CILIPS Chartered Institute of Library and Information Professionals in Scotland
Navigation Close

New Voices RGU Student Series 2025 – Daine Meekison

Category: RGU Student Series 2025

The CILIPS SNPC 'New Voices' blog logo, with white and yellow text on a turquoise background

In the 2025 New Voices Student Series, the CILIPS Students & New Professionals Community will be sharing the views of Robert Gordon University students from the MSc in Information and Library Studies.

With special thanks to Dr Konstantina Martzoukou, Teaching Excellence Fellow and Associate Professor, for organising these thought-provoking contributions.

Today’s blog post author is Daine Meekison. With a background in providing customer services and in English for Speakers of Other Languages (ESOL) education, Daine is interested in exploring how public libraries can assist with the promotion of language and linguistics skills.

From finding ‘needles in haystacks’ to apprehending ‘the butterfly effect’: The evolving role of public library information professionals in the epoch of Generative Artificial Intelligence.

There is little doubt that Generative Artificial Intelligence (GenAI, hereafter) is having a profound effect upon the world of information-seeking and retrieval (IBM, 2024a; McKinsey, 2023). Moreover, with the widespread adoption of GenAI tools (McKinsey, 2024), and their continued development (IBM, 2024a), it looks as though this technology is – like it or lump it  – here to stay.

Key question:  “Is the GenAI revolution going to affect how I search for information in my public library role?

Key answer:  “You bet.”

Traditional information-seeking involves ‘keyword searching’, where, using specific vocabulary and phraseology, we trawl the data-depths in formulaic fashion attempting to reduce masses of knowledge into bite- (or byte-) sized chunks (Rumsey, 2008). Although this tried-and-tested technique arguably amounts to us fumbling around for ‘a needle in a haystack’, it does nevertheless produce very black-and-white binary results: information is either discovered, or it isn’t, and patron enquiries – for better or worse – normally achieve resolution.

A haystack with a sunset background.

Still, if conventional keyword-searching is monochromous, then information retrieval using GenAI is  kaleidoscopic. Hold on to your hats, folks.

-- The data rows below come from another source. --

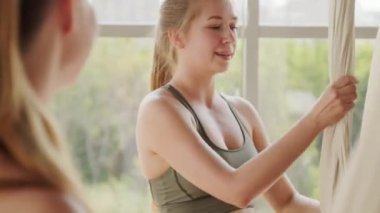 Aero yogası için ipek hamak serpiştiren ve panoramik pencereli, parlak bir odada duran bayan arkadaşıyla sohbet eden beyaz bir kadın.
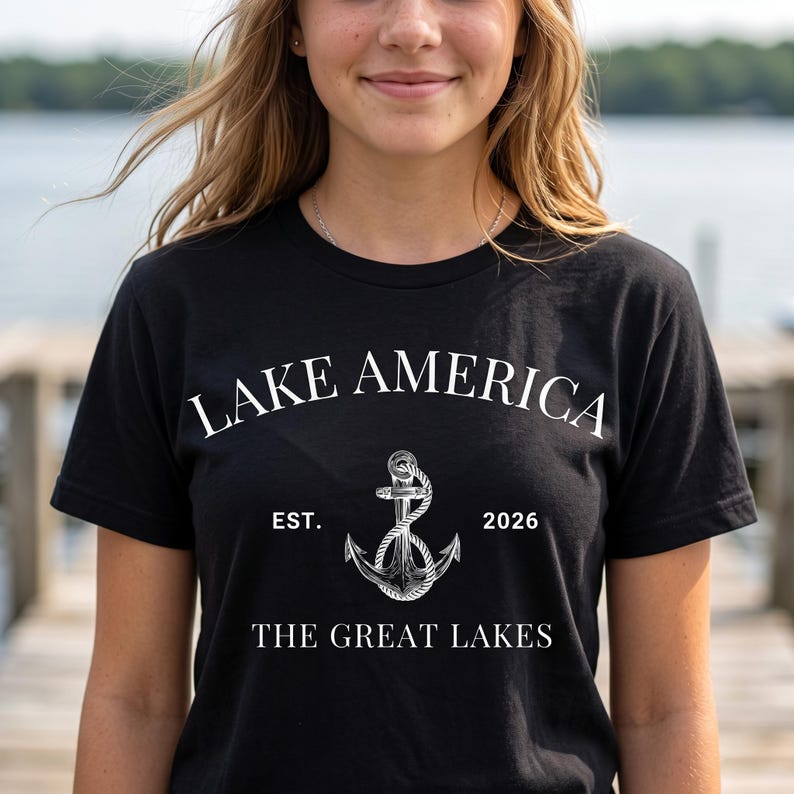 Peut inclure: Un t-shirt noir &agrave; manches courtes avec le texte blanc LAKE AMERICA, EST. 2026 et THE GREAT LAKES. Un graphique blanc d&eacute;taill&eacute; repr&eacute;sentant une ancre marine entour&eacute;e d'une corde est centr&eacute; entre la date de cr&eacute;ation et le texte.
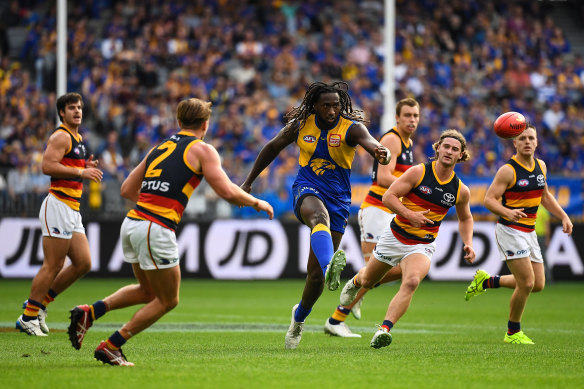 Nic Naitanui, centre, in action.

While GenAI too relies on lexicon and locution to delineate search parameters (Bozkurt, 2024), this is where its similarity to orthodox information-seeking ends. In place of keyword-searching we find ‘prompt-engineering’; where natural, conversational language is king (ibid). This novel method of elicitation brings with it a myriad of new skill demands; not least that data-divers have purchase on context, syntax, nuance, and – actually – linguistics as a whole (IBM, 2024b).

But there’s more.

Given that “every word in a prompt can influence the outcome” (ibid), the permutational possibilities are literally endless. (Psst!  Welcome to the “butterfly effect” (OED, 2024), where minute prompt alterations can lead to MASSIVE changes in what might be retrieved.)

Yikes.

A pink butterfly landing on a flower.

So, what does this mean for public library information professionals?

First, since the GenAI genie has been released from its receptacle (whoops!), we need to ‘bite the bullet’ and attain at least a foundational knowledge of how prompt-engineering works. Why? Well, how can we attest to being a “safe space” (Reid and Mesjar, 2022, p. 315) if we say ‘I don’t know’ to those – i.e. our patrons – seeking refuge from the GenAI informational storm? Prompt-engineering training sessions are therefore an absolute must.

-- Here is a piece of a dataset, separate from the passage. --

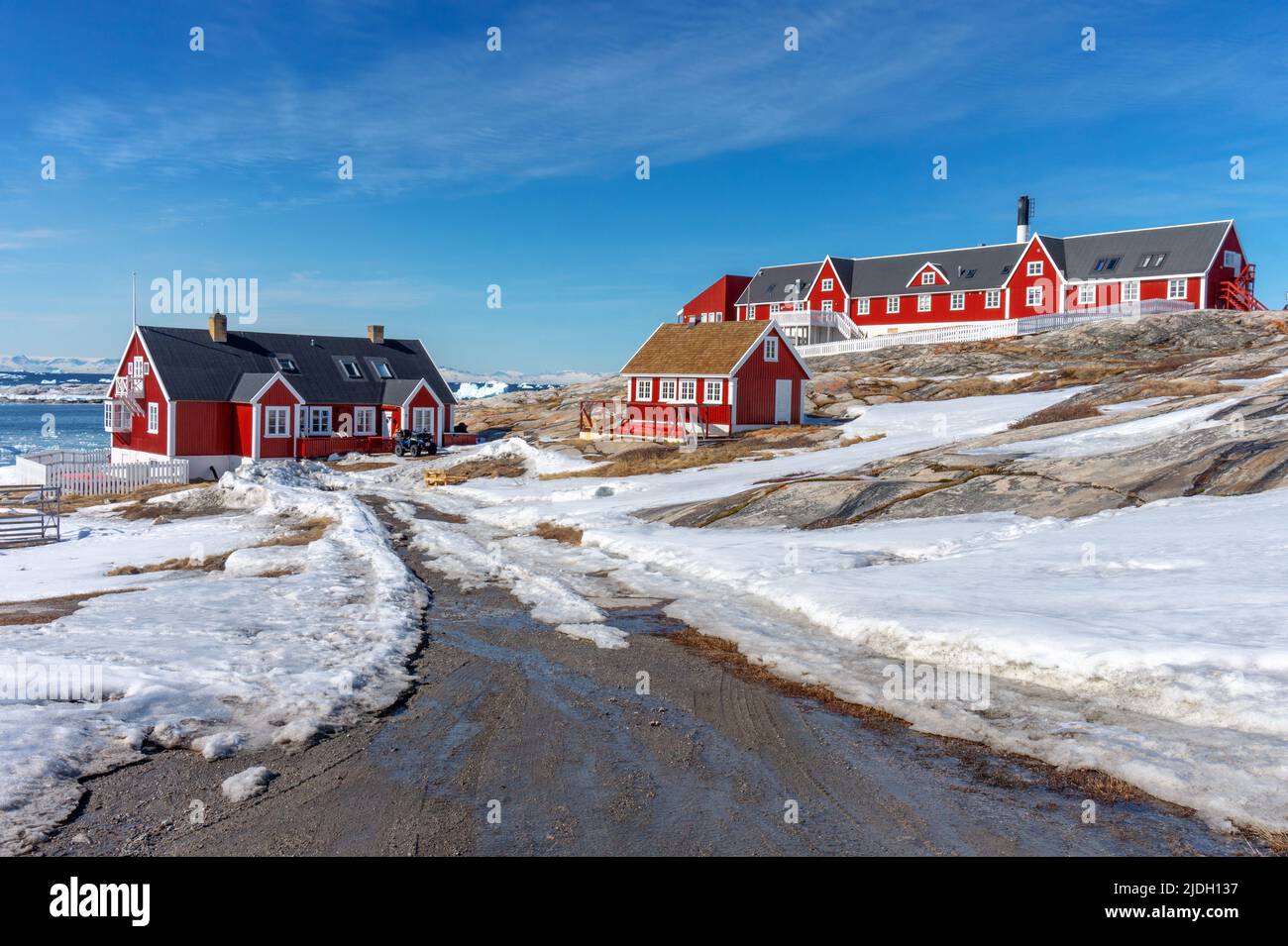 beautiful red houses cityscape in Ilulissat Greenland Stock Photo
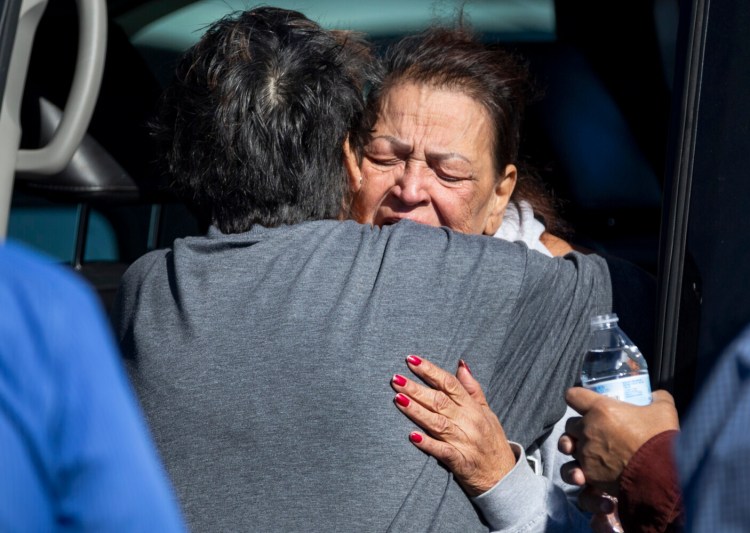 A family member reacts at the scene of a fatal shooting in the parking lot of a Walmart in Duncan, Okla., on Monday.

Second, GenAI is, lest we forget, an unwieldy weapon in our arsenal and not (yet) the AI-bomb (McKinsey, 2024). Indeed, rather than supplanting keyword-searching, prompt-engineering is more likely to complement it; proffering alternative, supplementary – even corroboratory – conduits through which information can be un-siloed.

Yes, using prompt-engineering in isolation to find information may appeal to some information-seekers, but the open-endedness of GenAI will frustrate those who want definitive answers – and simplicity.  GenAI might well be ‘context-specific’, but so are our patrons, after all.

Third, since “English is often the primary language used to train GenAI” (IBM, 2024b) this inferentially presupposes a proficiency in English that many public library users may not possess. Alarm bells should be ringing because, if GenAI can be wielded only by those who have the firmest of handles on English, then many people will indubitably become informationally disenfranchised.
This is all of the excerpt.